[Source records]
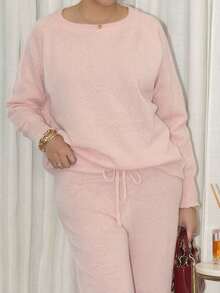 Melissa Matos 2 件套女士休闲宽松落肩长袖毛衣和针织裤套装，秋季 - 粉色 - 查看 6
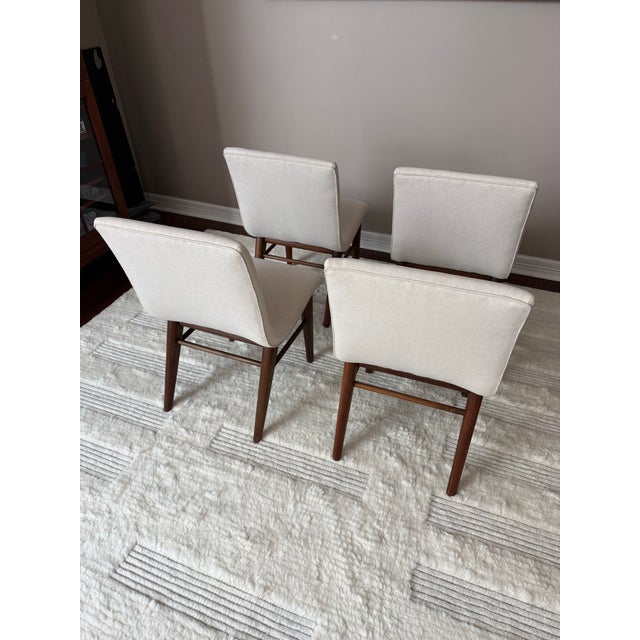 Wood Set of Four Vintage 1950s Walnut and Linen Dining Chairs After Conant Ball For Sale - Image 7 of 13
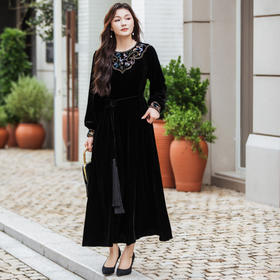 【林栖设计小店】真丝丝绒连衣裙绣花腰带国风2025秋冬新款女1954046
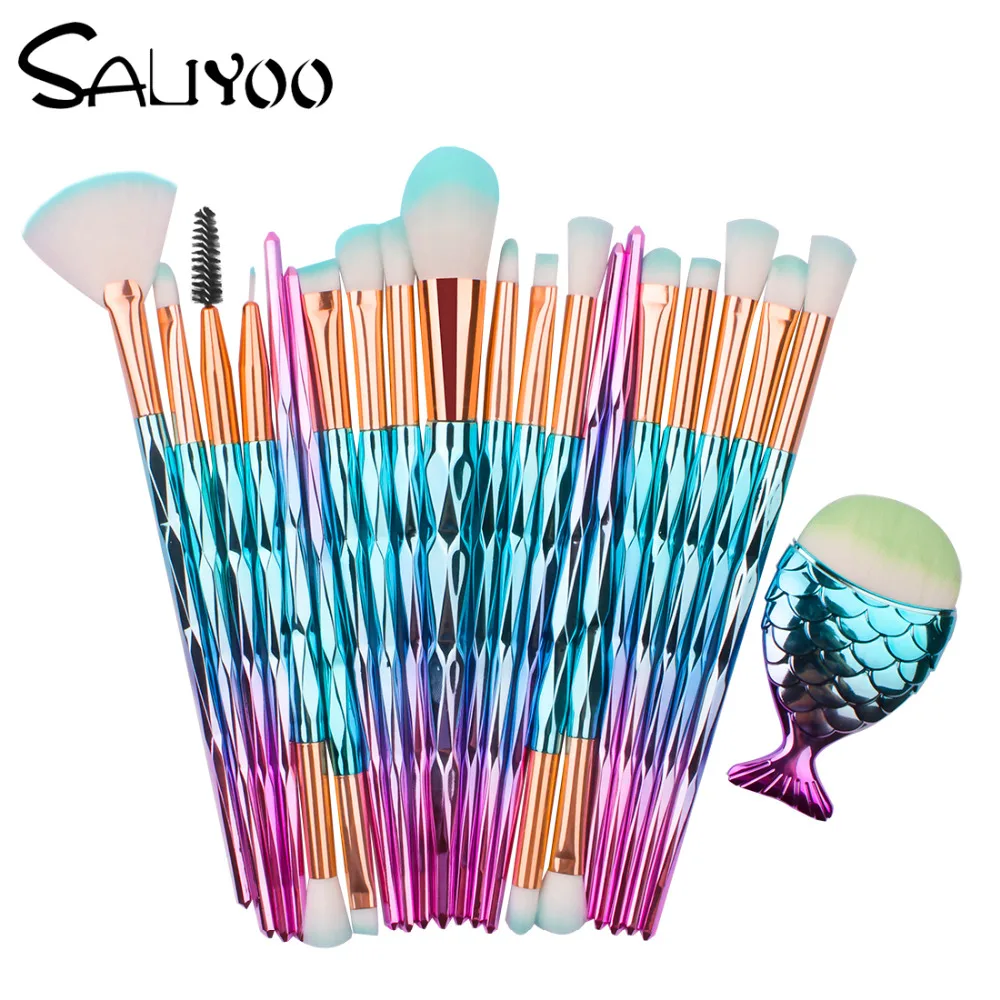 SALIYOO Pro 21 шт. алмазные кисти для макияжа с русалочкой и рыбьим хвостом набор пудра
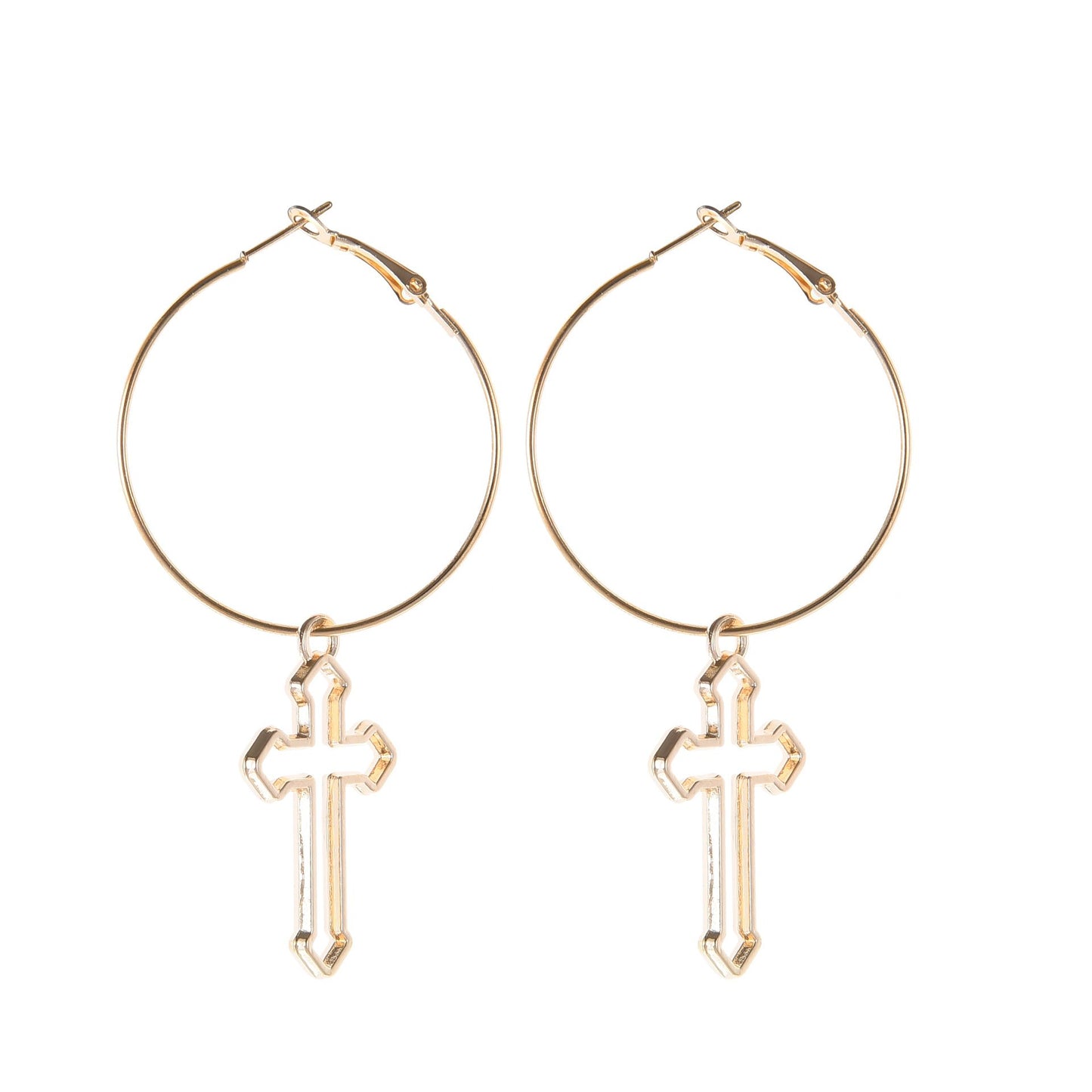 Punk Rock Dark Girl Cutout Cross Earrings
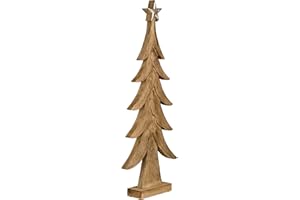 ‎EGLO LIVING EGLO LIVING Deko Baum Baliguian, Weihnachtsdeko groß, Bodendeko Wohnzimmer, Dekofigur Weihnachten, Adventsdeko aus Holz in Natur und Metall in Silber, 62,5 x 25 cm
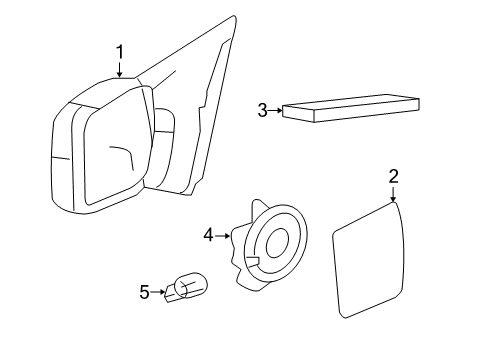 2004 Ford F-150 Mirrors Mirror Assembly Diagram for 8L3Z-17683-EA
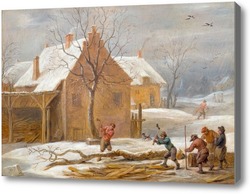 Картина Зимний пейзаж с видом на село с лесорубами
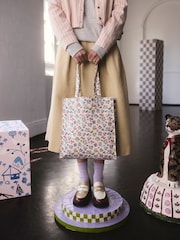Ecru marmoriert Floralmuster - Cath Kidston Große, beschichtete Buchtasche - Bild 4 von 9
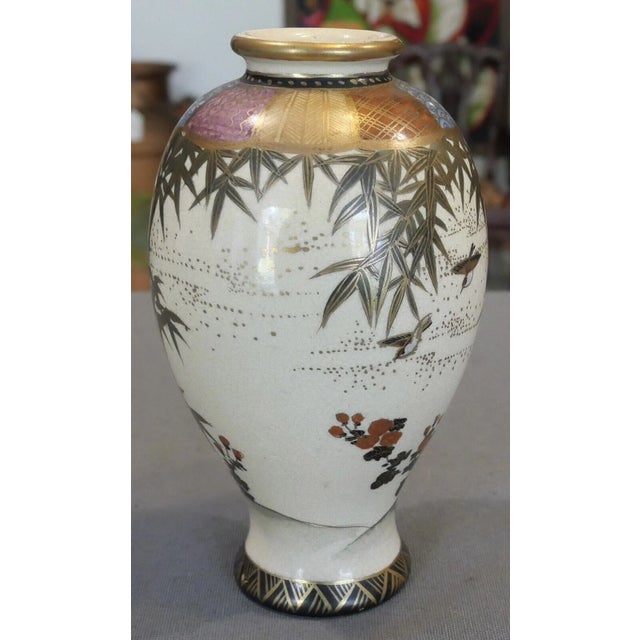 Circa 1915 Japanese Satsuma Ware Porcelain Bamboo/Bird/Floral Motifs Baluster Vase (Taisho Period) For Sale - Image 4 of 6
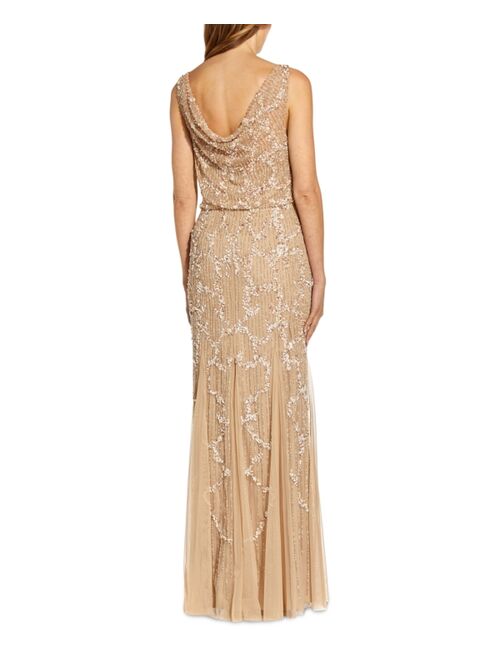 Adrianna Papell Embellished Cowl-Back Gown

▸ WORK TO BE COMPLETED:
Drop the pictures and reproduce the rest of the entries above exactly.

▸ SOLUTION FOR THIS EXERCISE:
 Melissa Matos 2 件套女士休闲宽松落肩长袖毛衣和针织裤套装，秋季 - 粉色 - 查看 6
 Wood Set of Four Vintage 1950s Walnut and Linen Dining Chairs After Conant Ball For Sale - Image 7 of 13
 【林栖设计小店】真丝丝绒连衣裙绣花腰带国风2025秋冬新款女1954046
 SALIYOO Pro 21 шт. алмазные кисти для макияжа с русалочкой и рыбьим хвостом набор пудра
 Punk Rock Dark Girl Cutout Cross Earrings
 ‎EGLO LIVING EGLO LIVING Deko Baum Baliguian, Weihnachtsdeko groß, Bodendeko Wohnzimmer, Dekofigur Weihnachten, Adventsdeko aus Holz in Natur und Metall in Silber, 62,5 x 25 cm
 2004 Ford F-150 Mirrors Mirror Assembly Diagram for 8L3Z-17683-EA
 Картина Зимний пейзаж с видом на село с лесорубами
Ecru marmoriert Floralmuster - Cath Kidston Große, beschichtete Buchtasche - Bild 4 von 9
 Circa 1915 Japanese Satsuma Ware Porcelain Bamboo/Bird/Floral Motifs Baluster Vase (Taisho Period) For Sale - Image 4 of 6
 Adrianna Papell Embellished Cowl-Back Gown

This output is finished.